──────── Excerpted records

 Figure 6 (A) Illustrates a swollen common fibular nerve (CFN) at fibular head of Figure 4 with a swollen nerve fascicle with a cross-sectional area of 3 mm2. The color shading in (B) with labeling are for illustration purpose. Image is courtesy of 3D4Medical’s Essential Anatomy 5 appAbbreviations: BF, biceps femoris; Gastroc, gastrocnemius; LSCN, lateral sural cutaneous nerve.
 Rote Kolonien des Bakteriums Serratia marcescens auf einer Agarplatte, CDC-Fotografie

────────────────
──────── Excerpted records

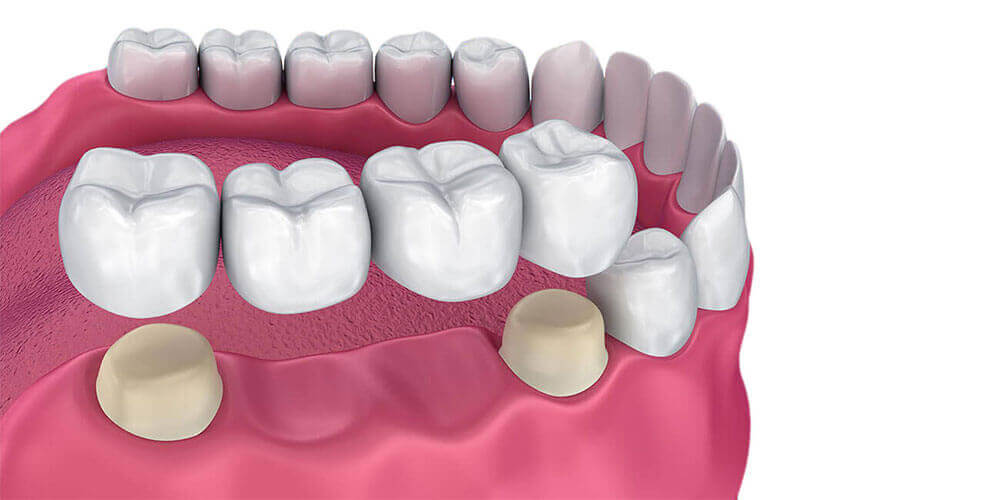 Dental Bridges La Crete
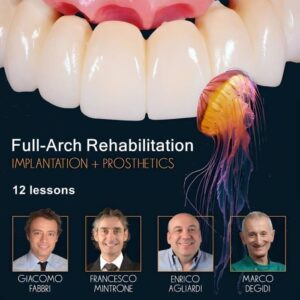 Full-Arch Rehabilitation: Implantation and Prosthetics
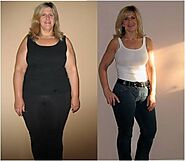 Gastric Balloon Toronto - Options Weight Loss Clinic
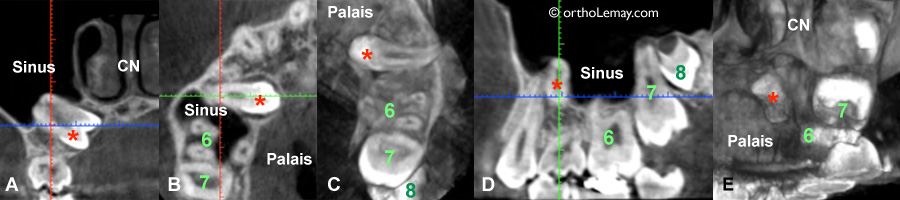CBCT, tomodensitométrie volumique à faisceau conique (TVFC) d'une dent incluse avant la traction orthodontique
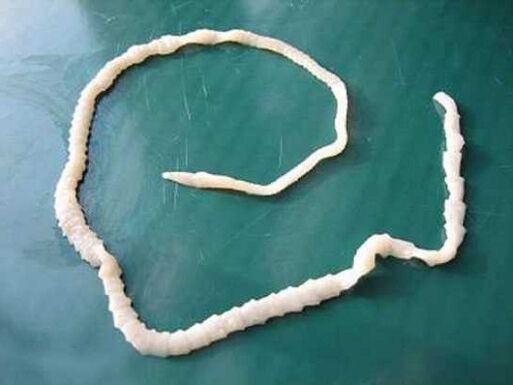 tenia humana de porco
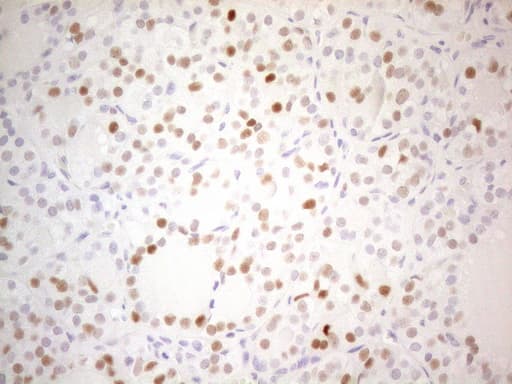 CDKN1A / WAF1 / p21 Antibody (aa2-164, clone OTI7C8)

────────────────

**Assigned task:** For the data above, set down exactly the lines from the line with "Full-Arch Rehabilitation: Implantation" to the line with "CDKN1A / WAF1", both included, leaving pictures out.

**Task solution:**
 Full-Arch Rehabilitation: Implantation and Prosthetics
 Gastric Balloon Toronto - Options Weight Loss Clinic
CBCT, tomodensitométrie volumique à faisceau conique (TVFC) d'une dent incluse avant la traction orthodontique
 tenia humana de porco
 CDKN1A / WAF1 / p21 Antibody (aa2-164, clone OTI7C8)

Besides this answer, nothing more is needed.